Autism Awareness Month highlights issues of faith, friendship

By Lia Hillman, Editor-in-chief

April is Autism Awareness month. According to Autism Speaks, 1 in 68 children has autism spectrum disorder. While I am not an expert on autism, I have recently reflected upon my experiences with those who are autistic.

More specifically, I’ve reflected on what my autistic friends, Ti and Callie, taught me about faith.

I’ve known Ti most of my life. Recently, he began working as a pet grooomer, so I have had a chance to reconnect with him when I see him at work.

However, in junior high and high school, I would often get annoyed at Ti for not listening to the teachers and always wanting to play pranks on people.

His mother, being a single parent, told me she tried her best to teach Ti how to be self-sufficient, even with autism. She always wanted him to be able to achieve whatever he wanted and think however he wanted without depending on anyone for help. She was very successful in instilling him with a sense of possibility, grace and potential.

Ti was able to attend and graduate from a college in New Mexico with hopes of being a veterinarian’s assistant. It wasn’t until after I started college that Ti and I really became friends.

Our friendship grew, but I wasn’t aware of what a good friend he can really be until just recently. I took my dog, Molly, to Ti so he could groom her. He and I struck up a conversation about him graduating from college and living by himself for the first time. He asked me about my experience with school, and I told him I was struggling with a class.

The next morning at church, he made it a point to tell me that he would be praying for me while I was at college–and he did, dutifully.

In the years that I’ve known Ti, I’ve always been amazed by his faith in God. He wasn’t ever shy to tell people he loved Jesus. At church or worship events, the entire room could hear Ti sing.

It was always off-key, but still genuine worship, nonetheless.

According to his mother, comprehending the Bible and having faith in Christ can be hard for those with autism.

While she always encouraged Ti to go to church and read his Bible, she could have never forced him to believe in Christ.

She said that the very fact that believing in God and Jesus came naturally to Ti was amazing.

Ti may never have a deep theological understanding of Christ and faith; however, it doesn’t mean that he can’t be a living testimony of child-like faith.

While Ti has shown me how to have child-like faith, my friend Callie has taught me the importance of having knowledge and understanding of the Bible.

My first real interaction with Callie was in high school when I was at a children’s church camp as a student sponsor.

It was the first time her parents had let her stay overnight somewhere with someone other than family or close friends and they were concerned she would be nuisance, but that was not the case.

Callie took a liking to me and followed me around everywhere.

I enjoyed her positive presence and incredible knowledge of Phineas and Ferb.

She also told everyone she came in contact with that Jesus loved them and Jesus loved her, too.
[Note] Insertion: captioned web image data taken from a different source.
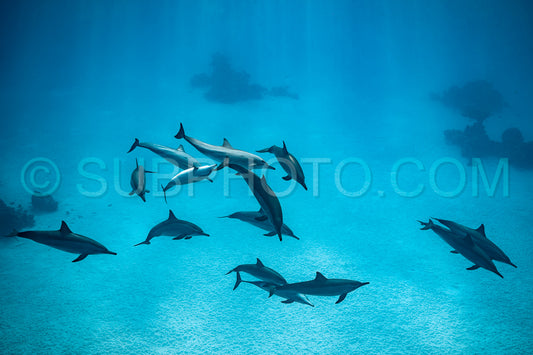 pod of Spinner dolphins (Stenella longirorstris) swimming over sand in Sataya reef- Egypt- Red Sea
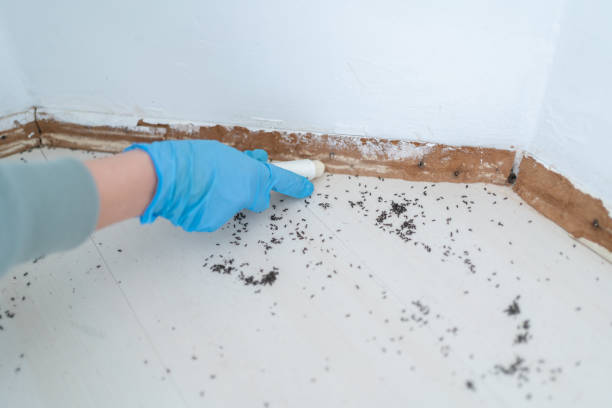 Best Pest Removal Services  in Five Forks, SC
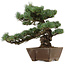 Pinus parviflora, 36 cm, ± 40 años de edad, con un nebari de 9 cm
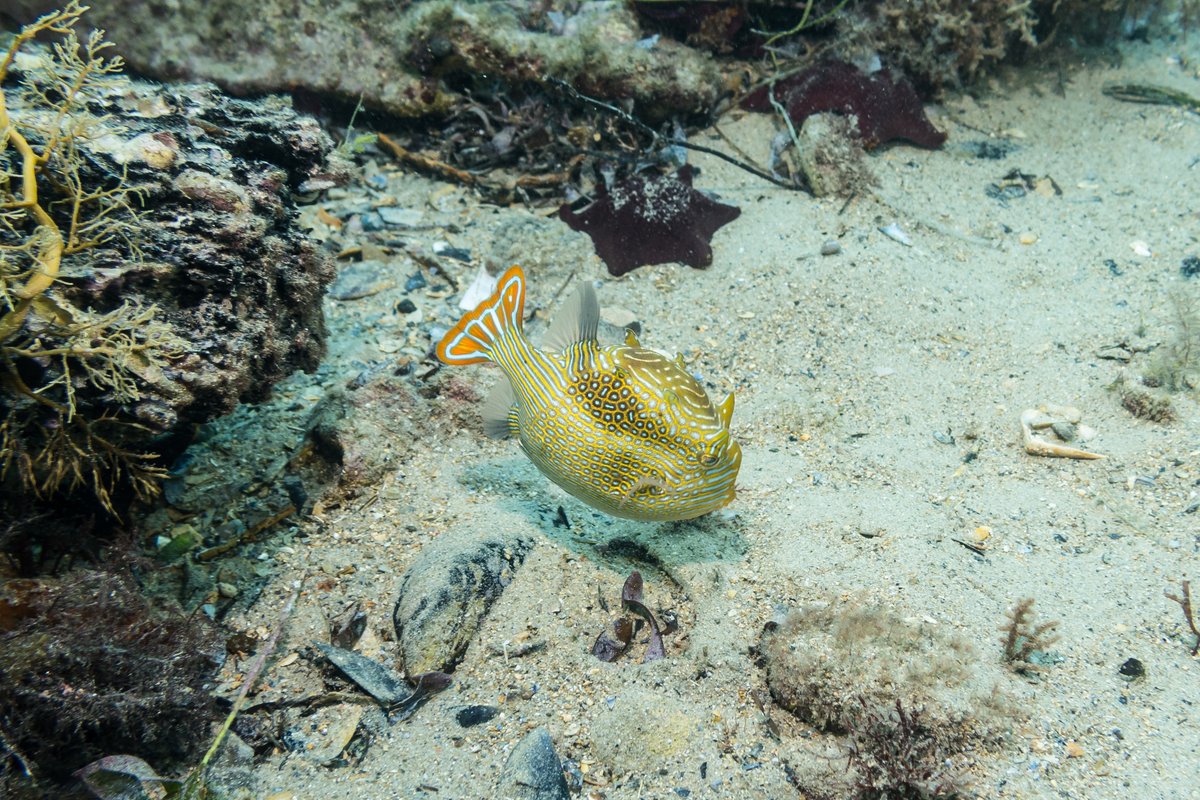 Ornate Cowfish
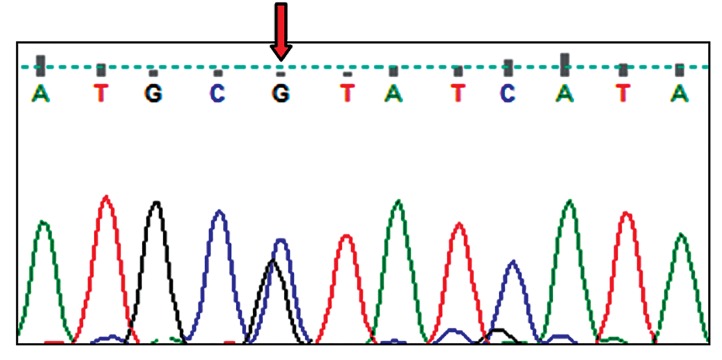 Fig.2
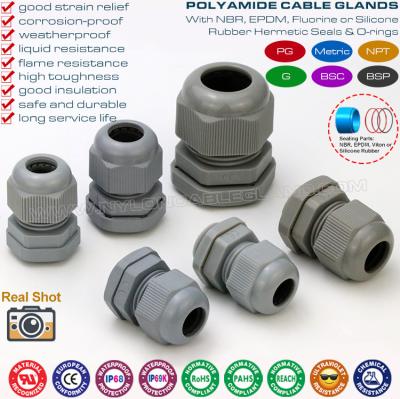 China IP68 PG & Metric Grey Watertight Straight Cable Glands Polyamide 6 (Nylon 6 ou Polymer 6) para caixa de junção à venda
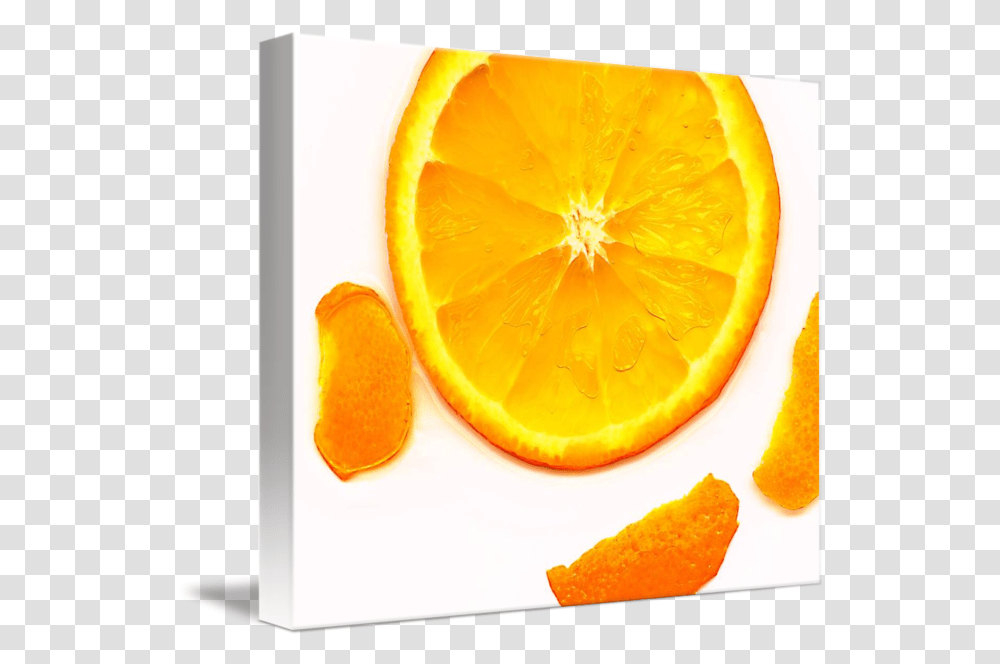 Orange Slice V Edit B By Nawfal Johnson Nur Bitter Orange, Citrus Fruit, Plant, Food, Peel Transparent Png
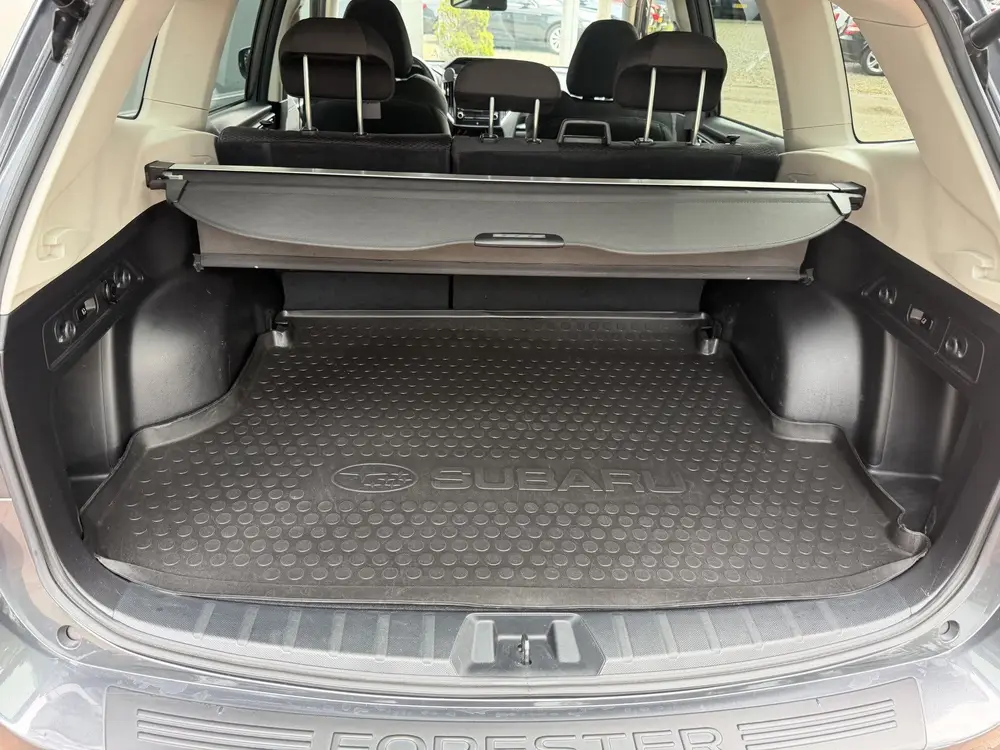Subaru Forester 2.0i e-BOXER Luxury Bj 2020 Km 79.000 Nap 1e uit 2020, foto 17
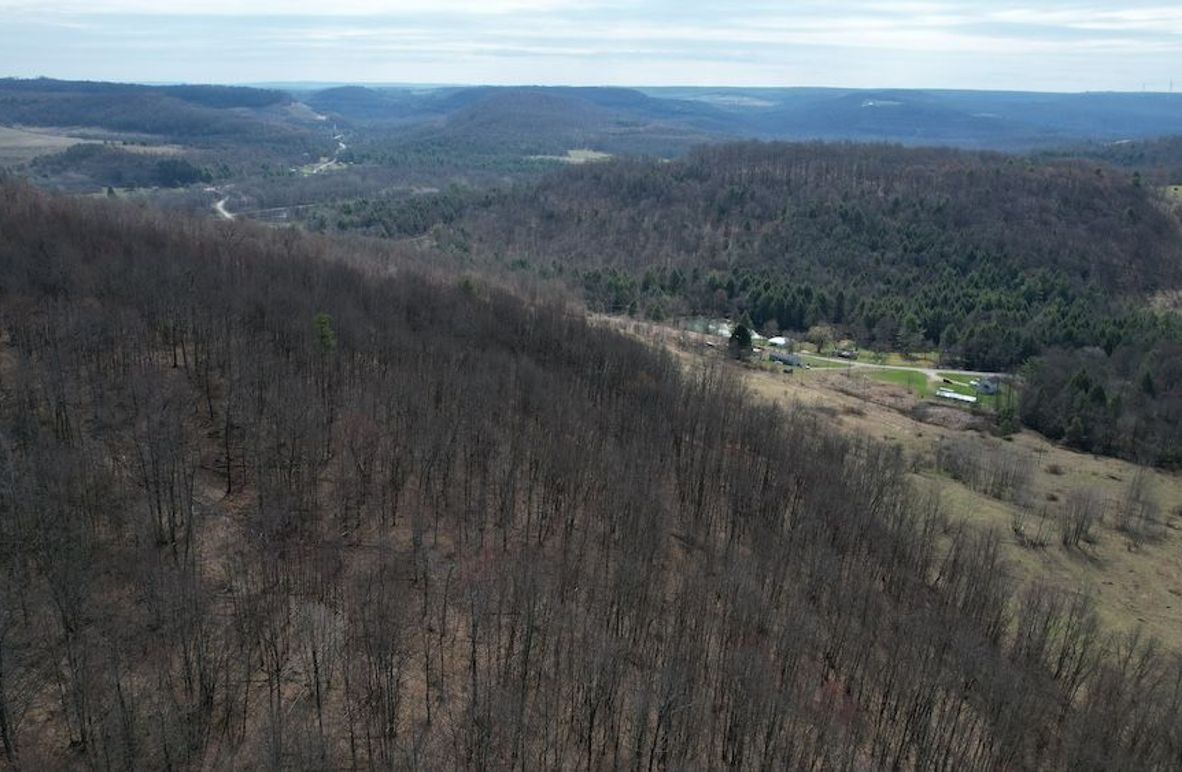 dji_fly_20260330_112554_218_1774884969660_photo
During the afternoon free time, Callie stayed back with me at the cabin to help clean.

She pulled out her Bible and began asking questions ranging from how God created Adam and Eve to how Mary became pregnant.

It was then that I realized that sometimes the “Sunday School” answers were not always going to be enough for someone who didn’t quite understand.

However, I also realized that phrases like “ancestral sin” and “immaculate conception” were not easily understood.

I may never know if Callie will fully comprehend the Bible as truth, but I know that she’ll always understand that Jesus loves her.

I’ve been encouraged in my faith and understanding of the Bible by both Ti and Callie, and I am grateful for their friendships.